Wie will die IG Metall diese Ziele durchsetzen?

Digitalisierung, Transformation, Globalisierung – das alles sind Megatrends, die im Betriebsverfassungsgesetz noch keine Rolle spielen. Das Gesetz muss runderneuert werden. Ein Facelift reicht nicht. Leider gibt es keine einfachen Antworten. Populisten machen es sich zu einfach. Ich bin überzeugt: Wir haben die besseren ­Antworten. Häufig fehlt es aber Betriebsräten an erzwingbaren Mitbestimmungsrechten, zum Beispiel für Qualifizierungsmaßnahmen.

Die Transformation wird auch Frauenarbeitsplätze stark verändern und gefährden.  Bei Conti Babenhausen haben wir vereinbart, dass wir jetzt ganz gezielt An- und Ungelernte qualifizieren. Das war das Ergebnis zäher Verhandlungen. Arbeitgeber sitzen das Thema aus und treten dann Entlassungswellen los. Das akzeptieren wir nicht.

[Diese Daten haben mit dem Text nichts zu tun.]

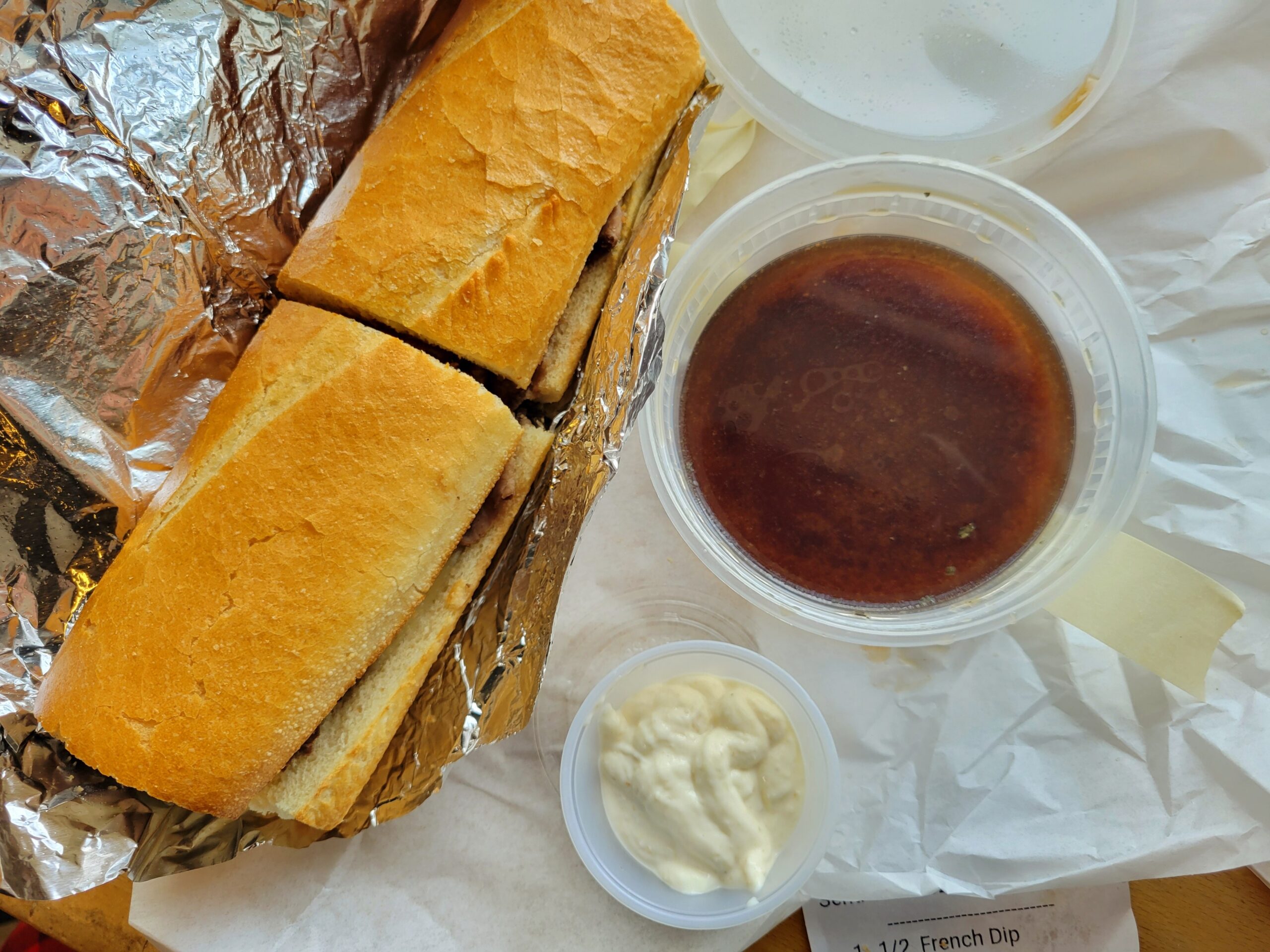 news Mr. Lucky's Sandwiches is open, for now. | Photo by Linnea Covington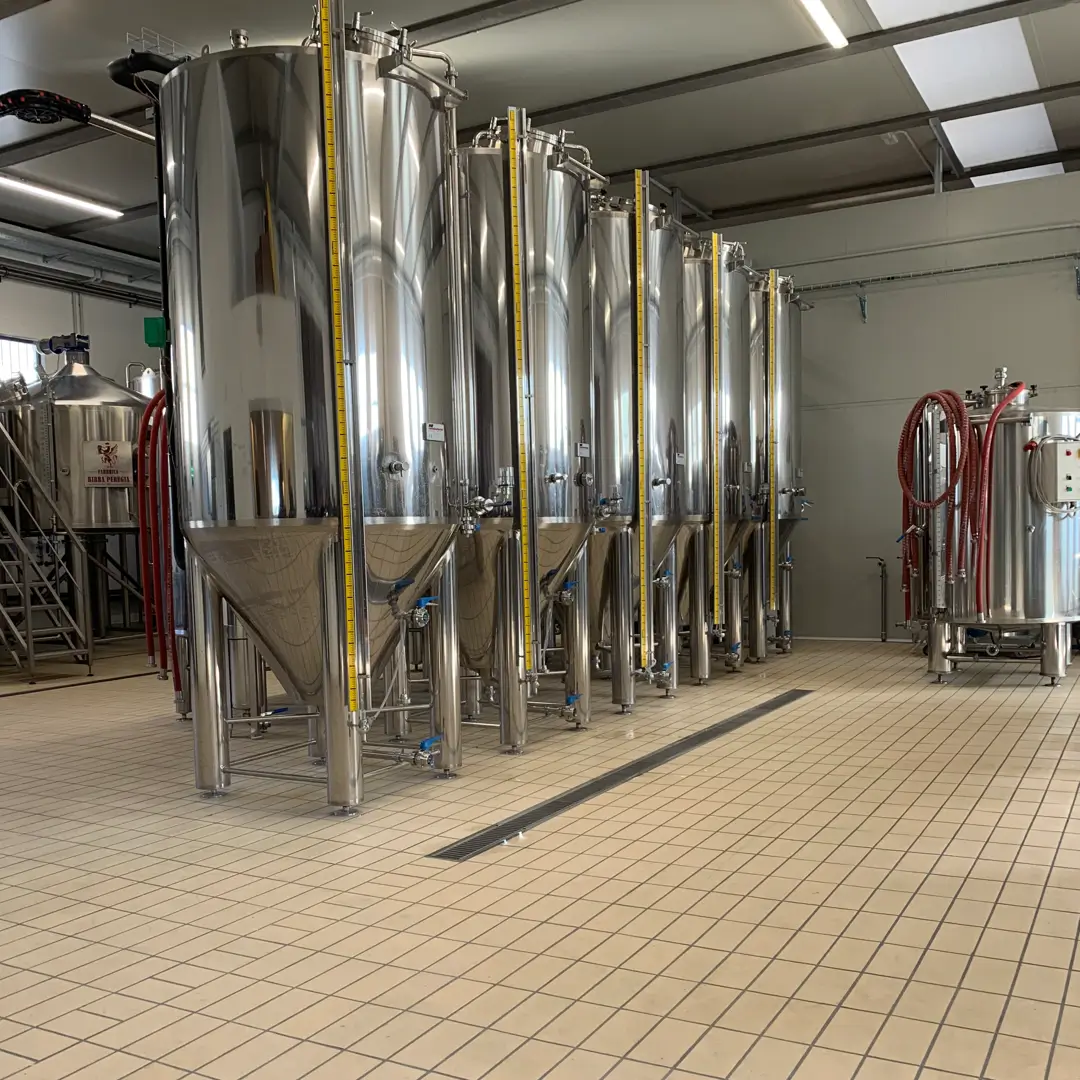 Metalserbatoi realizza fermentatori inox per la produzione di birra artigianale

Frauen sind in der Coronakrise stärker benachteiligt. Hat die Coronakrise bereits erreichte Fortschritte zunichtegemacht? Welche Konflikte haben sich für Frauen im Arbeitsumfeld verschärft?

Aus den Betrieben höre ich oft: Gerade Mütter haben im vergangenen Jahr ihre Arbeitszeiten reduziert. Und zwar aus der bloßen Not heraus, weil Kitas und Schulen zu waren. Das wirft übrigens Frauen und Männer zurück, das wird mir auch in vielen Gesprächen in der IG Metall gesagt. Viele Männer wollen mehr familiäre Verantwortung übernehmen. Dies hat auch die Beschäftigtenbefragung der IG Metall wieder unterstrichen: Männer und Frauen wünschen sich mehrheitlich eine Wochenarbeitszeit im Bereich kurzer Vollzeit. Deshalb ärgert es mich auch unglaublich, dass da so viele Arbeitgeber blockieren.

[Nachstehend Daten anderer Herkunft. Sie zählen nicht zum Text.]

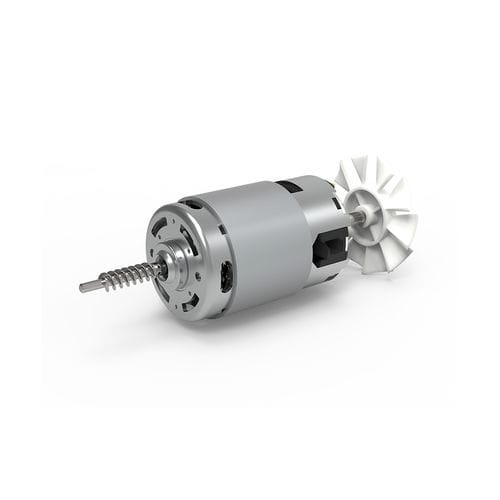 电刷电机 - PT7712PM  - Shenzhen Power Motor Industrial Co., Ltd. - 直流 / 高扭矩 / 低噪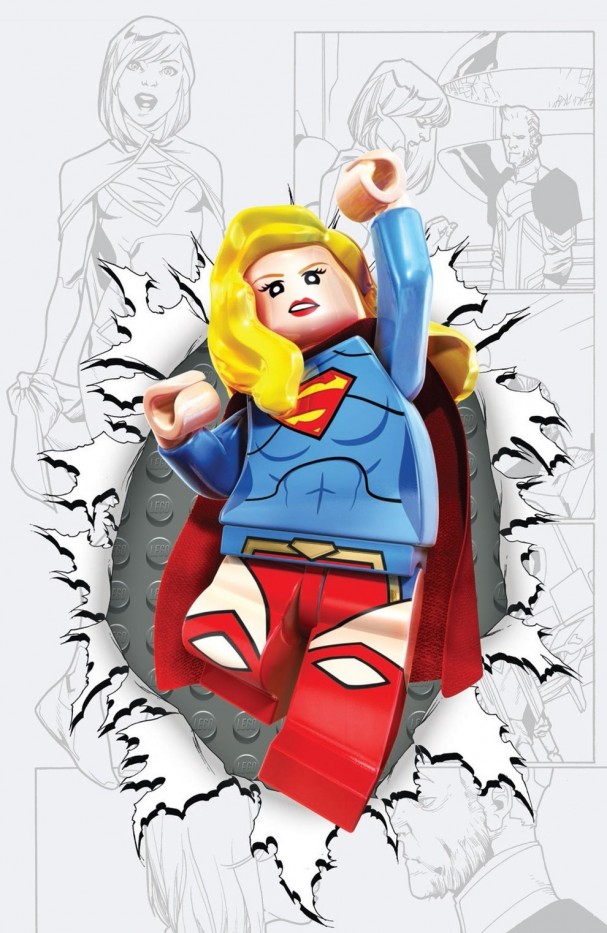 Supergirl #36 (LEGO Variant)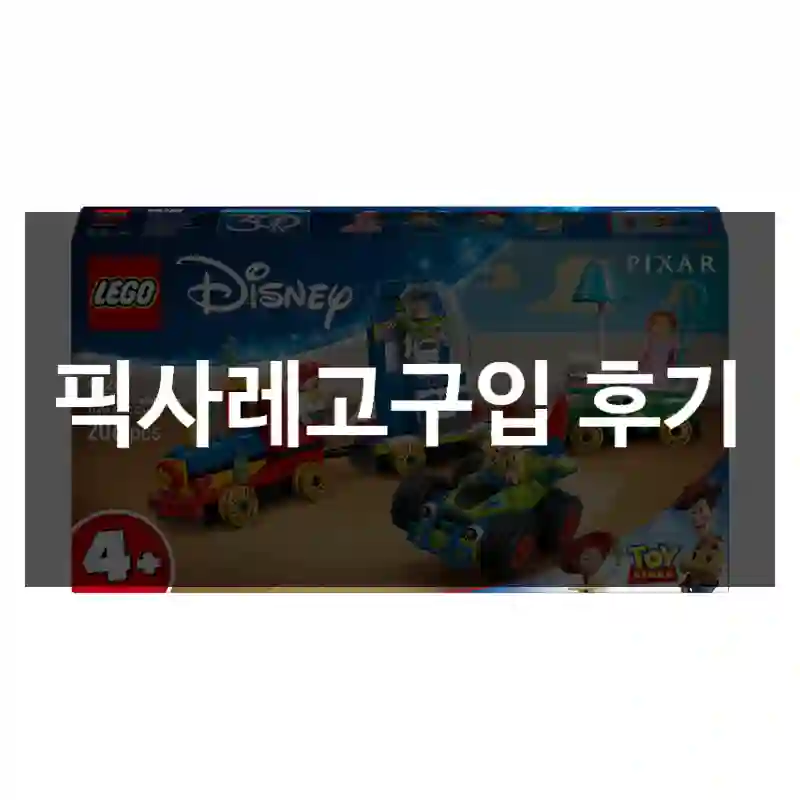 픽사레고구입 후기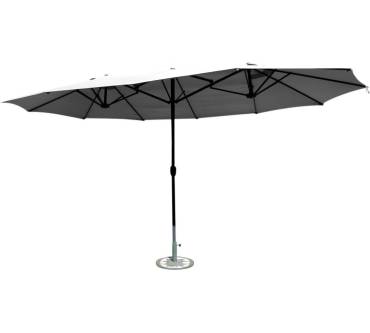 Leco Oval-Schirm: 2,0 den für gut großen Stabile Gartentisch Alternative 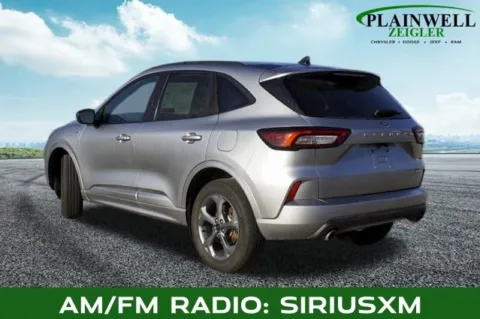 Photos of 2023 Ford Escape ST-Line for sale in Plainwell, MI at Zeigler Chrysler Dodge Jeep Ram of Plainwell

Wie kann das gefördert werden?

Ich weiß, dass viele den Kopf gerade woanders haben. Aber wir müssen diesen Kulturwandel schaffen: mehr Wahlfreiheit, mehr Partnerschaftlichkeit, mehr Zeit für Freizeit und Leben. Die neue Vereinbarkeitsrichtlinie der Europäischen Union schlägt eine Vaterschaftsfreistellung nach der Geburt vor. Andere Länder wie Finnland sind schon ein ganzes Stück weiter: Väter haben dort Anspruch auf 54 Tage Vaterschaftszeit nach der Geburt. Finanzielle Anreize sind für Väter besonders wichtig: Das sehen wir auch in Deutschland beim Elterngeld. Ich finde, wir sollten uns noch mehr Partnerschaftlichkeit leisten. Das ist gut für unsere Kinder, für Familien und Unternehmen. Gut, dass unsere Aktiven in den Betrieben so viel Positives in den Unternehmen anstoßen: Sie sorgen dafür, dass der Wiedereinstieg nicht zum Karrierekiller wird. Bei BMW wird gerade auf Initiative des Betriebsrats Führen in Teilzeit eingeführt. Es geht also. Nicht zuletzt müssen wir Vereinbarkeit im Schichtbetrieb möglich machen. Bei Volkswagen und Audi wird das pilothaft erprobt. Unglaubliches haben sie in der Krise geleistet: Über Nacht wurden Betriebsvereinbarungen abgeschlossen. Unser Ziel: Eltern entlasten, Arbeitsplätze sichern. Deshalb gilt an dieser Stelle mein herzlichster Dank allen Betriebsräten und Vertrauensleuten der IG Metall: Es ist unglaublich, was Ihr leistet, um Beschäftigte in dieser schwierigen Lage zu unterstützen. Ihr macht das wirklich toll! 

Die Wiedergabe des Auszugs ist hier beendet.